- Flag Coat of arms
- Country: Nicaragua
- Capital: León

Area
- • Total: 5,138 km^{2} (1,984 sq mi)

Population (2023 estimate)
- • Total: 426,850
- • Density: 83.08/km^{2} (215.2/sq mi)
- ISO 3166-2: NI-LE

= León Department =

Department of Nicaragua

León (/es/) is a department in Nicaragua. It covers an area of 5138 km2 and has a population of 426,850 (2023 estimate). The capital is the city of León. There are several volcanoes in the department, including the Momotombo and Cerro Negro.

==History==
León was established on 15 June 1524 by Francisco Hernández de Córdoba on the slopes of the Momotombo volcano. However, it was damaged by the eruption of the Momotombo volcano in 1578, and further destroyed in an earthquake in 1610. After the destruction of the city, the current settlement of León, was established about 30 km from the site, and León served as the capital of Nicaragua until the early 19th century. The old destroyed city became part of the Ruins of León Viejo. It also houses a cathedral, the largest in Central America, which was built between 1747 and 1860. The ruins of León Viejo was inscribed as a UNESCO World Heritage Site in 2000.

==Geography==
León is one of the fifteen departments of Nicaragua. It is spread over an area of 5138 km2. Its capital, León, is located 93 km from the national capital of Managua. It is bordered by Matagalpa, Estelí, Managua and Chinandega Departments. There are ten municipalities-Achuapa, El Jicaral, El Sauce, La Paz Centro, Larreynaga, León, Nagarote, Quezalguaque, Santa Rosa del Peñón, and Telica, in the department. The department hosts several sandy beaches along the Pacific coast. The Juan Venado Island, is located off the Pacific coast, and forms part of a protected reserve since 1983.

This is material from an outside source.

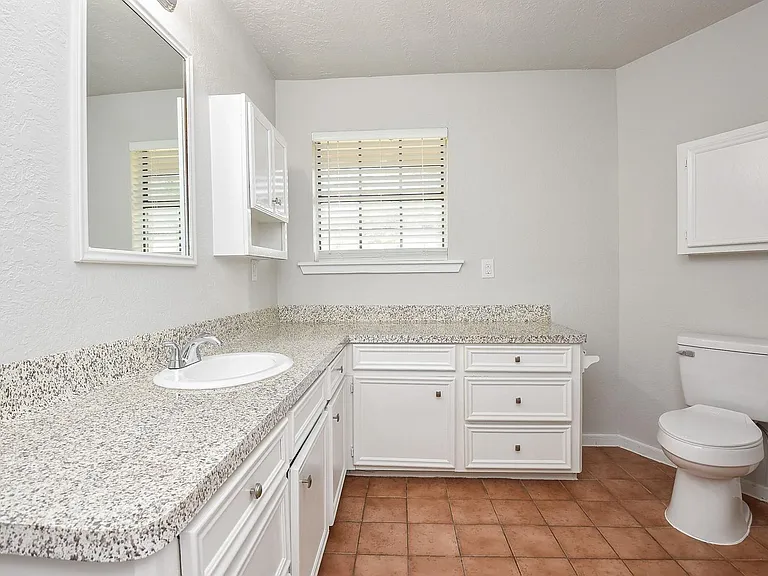 12713 Roy Harris Loop — Photo 30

There are several volcanoes in the Maribios mountains. Momotombo, which raises to 1297 m is located near the town of Puerto Momotombo, on the shores of Lake Managua. The Cerro Negro, which raises to an elevation of 728 m, was formed in 1850 and is the youngest volcano in Central America. It is located close to the city of Leon and is amongst the most active volcanoes in Nicaragua.

==Demographics==
As per 2023 estimate, Leon department had a population of 436,850 inhabitants. The population consists of 51% females and 49% males. About 64.5% of the population were classified as urban, and rest 35.5% as rural.

==Sister State==
León is a sister state with Minnesota, USA through Project Minnesota/León.